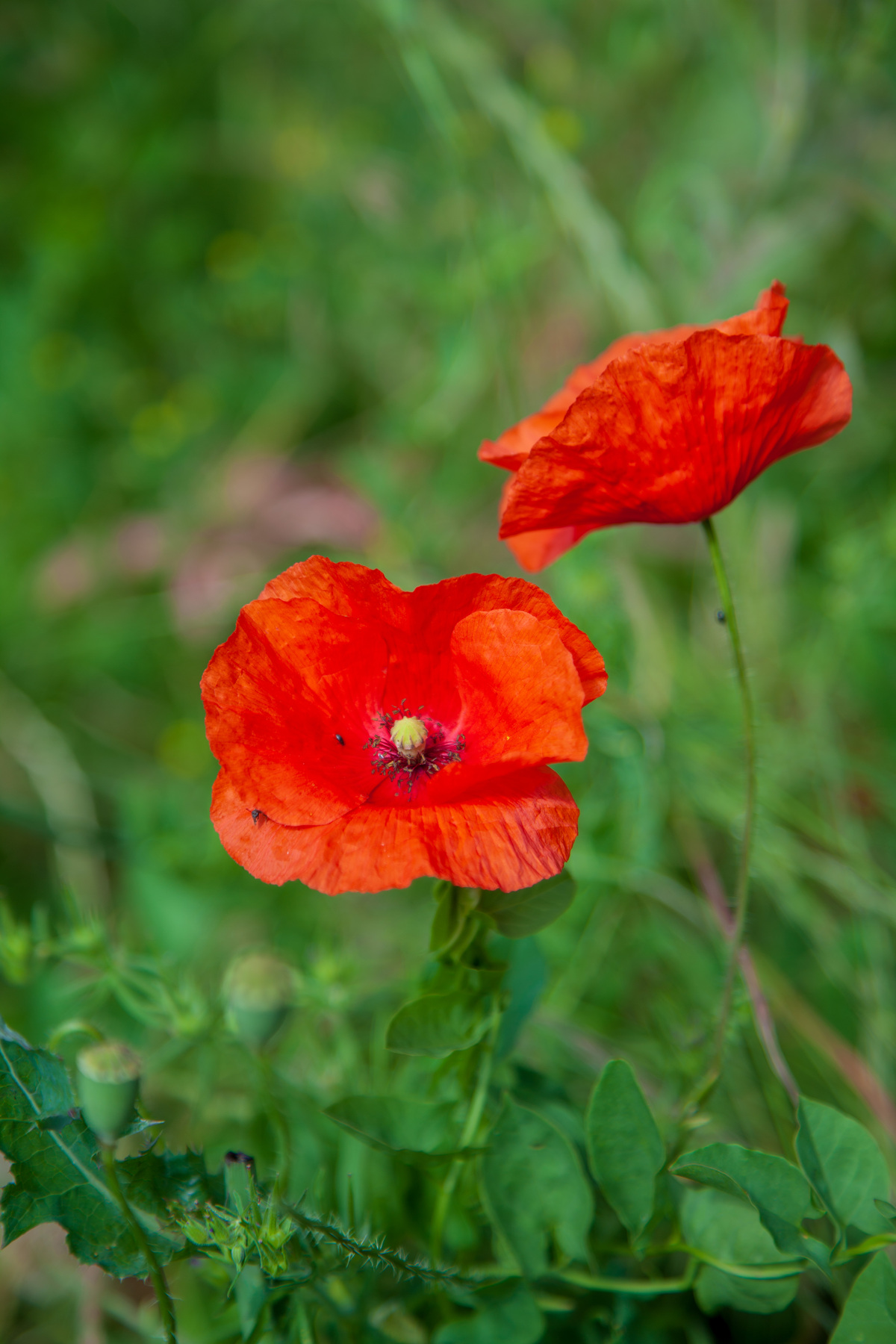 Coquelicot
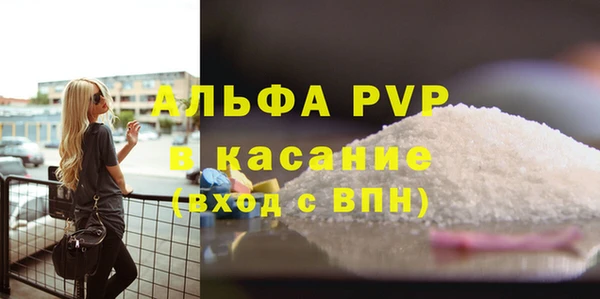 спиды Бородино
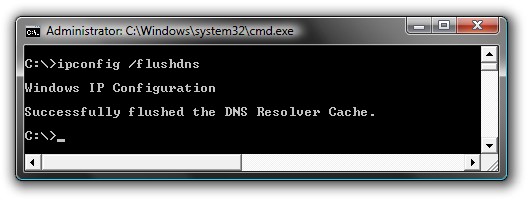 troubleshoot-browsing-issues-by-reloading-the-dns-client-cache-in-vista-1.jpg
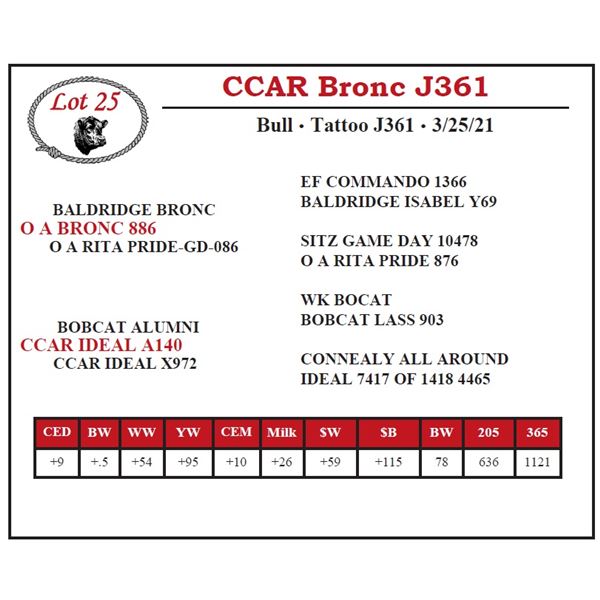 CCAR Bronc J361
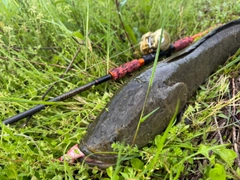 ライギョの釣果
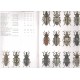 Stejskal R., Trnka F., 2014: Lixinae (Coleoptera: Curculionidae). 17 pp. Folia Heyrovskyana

• WORK ORDER: The entries above, without their pictures, should be written out exactly.

• TASK RESULT:
 Coquelicot
 спиды Бородино
 troubleshoot-browsing-issues-by-reloading-the-dns-client-cache-in-vista-1.jpg
 CCAR Bronc J361
 ライギョの釣果
 Stejskal R., Trnka F., 2014: Lixinae (Coleoptera: Curculionidae). 17 pp. Folia Heyrovskyana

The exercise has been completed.